» YOUR OBJECTIVE
Output the data in full and exactly as presented.

[Data items]
○ ○ ○ ○ ○
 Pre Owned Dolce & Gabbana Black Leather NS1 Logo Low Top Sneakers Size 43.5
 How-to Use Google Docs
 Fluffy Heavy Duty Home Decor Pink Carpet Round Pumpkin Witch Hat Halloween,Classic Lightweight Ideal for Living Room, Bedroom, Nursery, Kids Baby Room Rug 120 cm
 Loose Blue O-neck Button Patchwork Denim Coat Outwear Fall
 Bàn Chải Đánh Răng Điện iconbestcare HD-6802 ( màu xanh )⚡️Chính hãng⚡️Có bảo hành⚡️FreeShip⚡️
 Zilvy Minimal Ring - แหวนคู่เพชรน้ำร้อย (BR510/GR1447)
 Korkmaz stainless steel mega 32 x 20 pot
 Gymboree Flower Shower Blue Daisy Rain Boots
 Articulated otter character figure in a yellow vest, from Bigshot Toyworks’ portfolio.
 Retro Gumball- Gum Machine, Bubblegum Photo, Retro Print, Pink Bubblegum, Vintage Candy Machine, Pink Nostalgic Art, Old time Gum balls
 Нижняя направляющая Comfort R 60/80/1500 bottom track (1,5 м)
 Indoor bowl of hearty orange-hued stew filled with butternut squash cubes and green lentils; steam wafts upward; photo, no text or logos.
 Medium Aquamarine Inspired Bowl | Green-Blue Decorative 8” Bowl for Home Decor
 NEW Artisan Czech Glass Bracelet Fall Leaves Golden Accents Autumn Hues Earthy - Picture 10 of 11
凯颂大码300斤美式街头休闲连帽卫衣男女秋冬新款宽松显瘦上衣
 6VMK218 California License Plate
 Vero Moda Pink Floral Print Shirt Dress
○ ○ ○ ○ ○
» ANSWER SPACE
 Pre Owned Dolce & Gabbana Black Leather NS1 Logo Low Top Sneakers Size 43.5
 How-to Use Google Docs
 Fluffy Heavy Duty Home Decor Pink Carpet Round Pumpkin Witch Hat Halloween,Classic Lightweight Ideal for Living Room, Bedroom, Nursery, Kids Baby Room Rug 120 cm
 Loose Blue O-neck Button Patchwork Denim Coat Outwear Fall
 Bàn Chải Đánh Răng Điện iconbestcare HD-6802 ( màu xanh )⚡️Chính hãng⚡️Có bảo hành⚡️FreeShip⚡️
 Zilvy Minimal Ring - แหวนคู่เพชรน้ำร้อย (BR510/GR1447)
 Korkmaz stainless steel mega 32 x 20 pot
 Gymboree Flower Shower Blue Daisy Rain Boots
 Articulated otter character figure in a yellow vest, from Bigshot Toyworks’ portfolio.
 Retro Gumball- Gum Machine, Bubblegum Photo, Retro Print, Pink Bubblegum, Vintage Candy Machine, Pink Nostalgic Art, Old time Gum balls
 Нижняя направляющая Comfort R 60/80/1500 bottom track (1,5 м)
 Indoor bowl of hearty orange-hued stew filled with butternut squash cubes and green lentils; steam wafts upward; photo, no text or logos.
 Medium Aquamarine Inspired Bowl | Green-Blue Decorative 8” Bowl for Home Decor
 NEW Artisan Czech Glass Bracelet Fall Leaves Golden Accents Autumn Hues Earthy - Picture 10 of 11
凯颂大码300斤美式街头休闲连帽卫衣男女秋冬新款宽松显瘦上衣
 6VMK218 California License Plate
 Vero Moda Pink Floral Print Shirt Dress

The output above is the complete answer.